Skip the pictures and restate, word for word, the lines from the one containing "Velkomstbonus hos Jaak Casino" to the end of the data below.

:: Given data ::

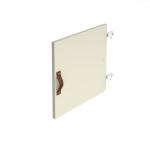 Storage unit insert - cupboard with leather strap handle - white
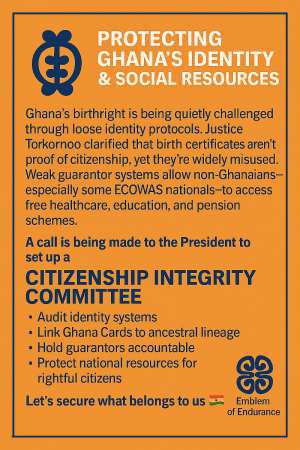 Preserving Ghanaian Birthright: A Call for Citizenship Integrity and Sustainable Access to National Resources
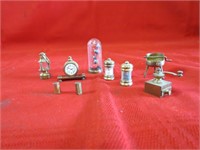 Miniature doll house items.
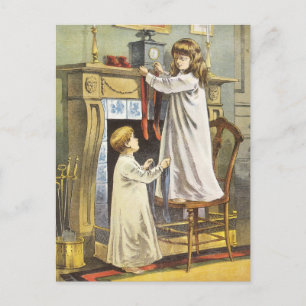 Cartes Pour Fêtes Annuelles Noël victorien, Bas de Noël pour enfants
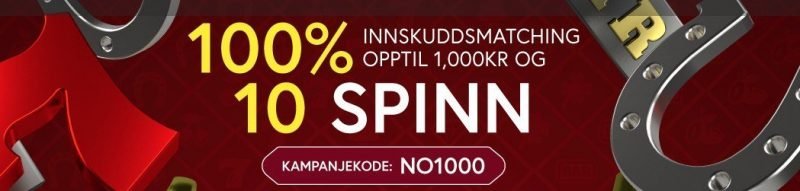 Velkomstbonus hos Jaak Casino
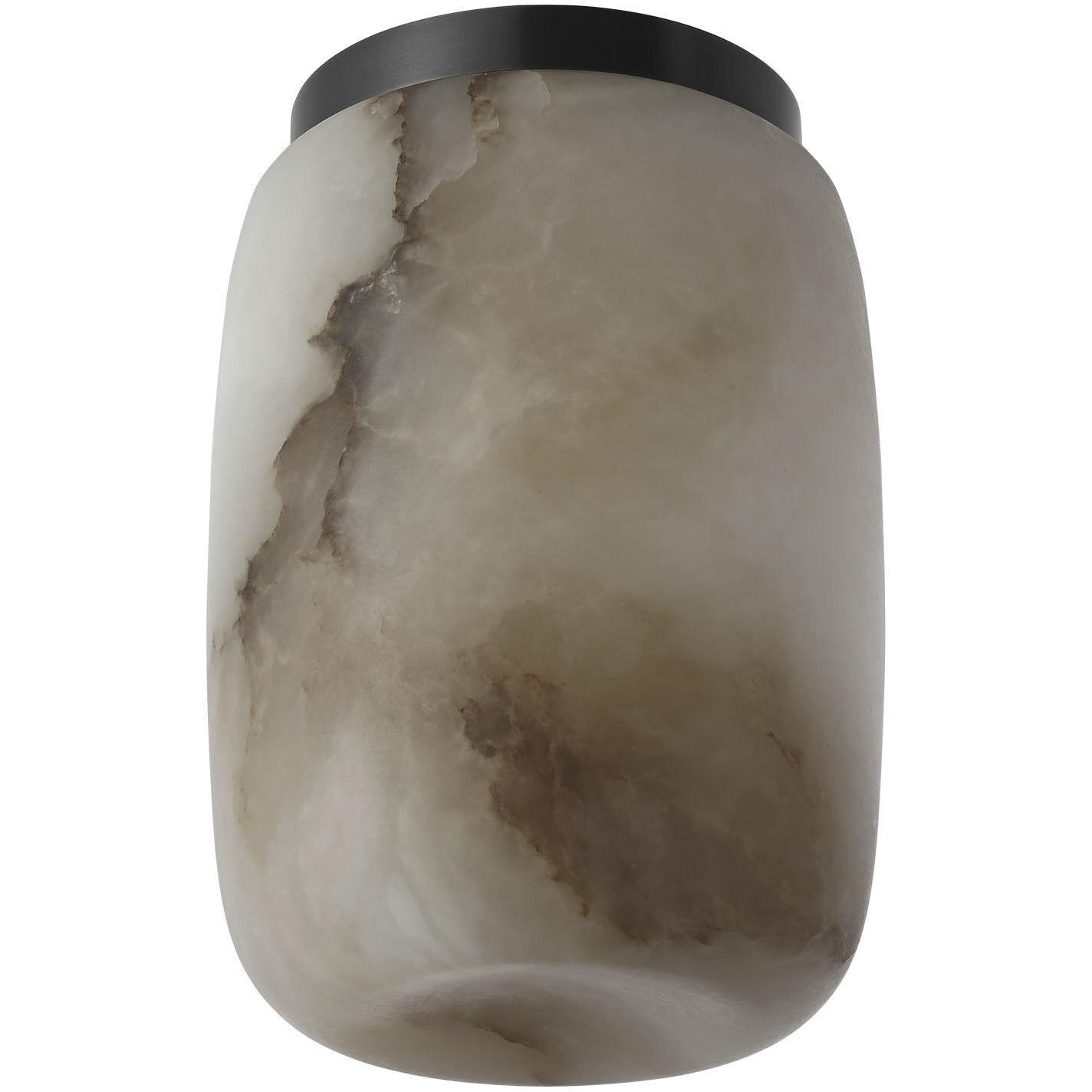 Kelly Wearstler Formosa LED 5.25 inch Alabaster and Bronze Elongated Flush Mount Ceiling Light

:::

Result of the task =>
 Velkomstbonus hos Jaak Casino
 Kelly Wearstler Formosa LED 5.25 inch Alabaster and Bronze Elongated Flush Mount Ceiling Light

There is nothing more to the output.